• Working data:
┌────────

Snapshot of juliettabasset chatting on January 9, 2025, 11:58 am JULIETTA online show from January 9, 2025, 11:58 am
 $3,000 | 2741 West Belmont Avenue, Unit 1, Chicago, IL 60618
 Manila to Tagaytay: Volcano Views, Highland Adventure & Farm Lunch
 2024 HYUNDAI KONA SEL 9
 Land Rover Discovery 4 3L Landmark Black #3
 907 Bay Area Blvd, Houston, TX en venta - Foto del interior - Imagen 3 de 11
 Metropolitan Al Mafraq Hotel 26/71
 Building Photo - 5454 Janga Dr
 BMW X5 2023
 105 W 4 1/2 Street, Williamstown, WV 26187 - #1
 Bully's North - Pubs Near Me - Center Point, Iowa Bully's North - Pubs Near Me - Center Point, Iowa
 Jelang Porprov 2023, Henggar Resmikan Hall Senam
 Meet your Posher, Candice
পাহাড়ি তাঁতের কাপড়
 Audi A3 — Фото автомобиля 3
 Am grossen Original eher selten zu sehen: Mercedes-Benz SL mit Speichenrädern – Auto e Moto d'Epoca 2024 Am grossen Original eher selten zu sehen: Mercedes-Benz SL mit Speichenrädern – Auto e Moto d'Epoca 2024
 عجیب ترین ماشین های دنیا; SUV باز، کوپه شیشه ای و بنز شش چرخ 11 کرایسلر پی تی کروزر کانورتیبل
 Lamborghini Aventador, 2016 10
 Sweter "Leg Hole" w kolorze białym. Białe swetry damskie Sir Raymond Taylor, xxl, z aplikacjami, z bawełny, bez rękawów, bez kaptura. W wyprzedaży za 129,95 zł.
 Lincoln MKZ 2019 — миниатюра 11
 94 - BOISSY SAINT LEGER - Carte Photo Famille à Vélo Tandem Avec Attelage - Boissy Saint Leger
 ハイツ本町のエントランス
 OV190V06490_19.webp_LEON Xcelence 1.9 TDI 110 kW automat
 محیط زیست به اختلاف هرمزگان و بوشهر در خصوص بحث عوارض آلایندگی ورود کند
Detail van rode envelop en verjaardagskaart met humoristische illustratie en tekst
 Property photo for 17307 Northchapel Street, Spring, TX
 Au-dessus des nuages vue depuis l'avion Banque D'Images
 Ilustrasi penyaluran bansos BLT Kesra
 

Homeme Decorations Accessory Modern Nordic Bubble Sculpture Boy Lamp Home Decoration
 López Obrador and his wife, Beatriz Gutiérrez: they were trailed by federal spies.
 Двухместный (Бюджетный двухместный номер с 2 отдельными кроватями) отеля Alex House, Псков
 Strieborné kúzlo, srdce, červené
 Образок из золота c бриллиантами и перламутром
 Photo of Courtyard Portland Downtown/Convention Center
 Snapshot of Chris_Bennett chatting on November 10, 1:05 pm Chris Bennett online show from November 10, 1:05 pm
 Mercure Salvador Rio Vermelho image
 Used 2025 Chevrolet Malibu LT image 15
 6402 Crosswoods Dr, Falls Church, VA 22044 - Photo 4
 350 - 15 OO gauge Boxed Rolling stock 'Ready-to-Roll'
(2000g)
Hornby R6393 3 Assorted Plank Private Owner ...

└────────

Using the entries above, state how many lines include the word "Street", with no other words.

• Written response: 2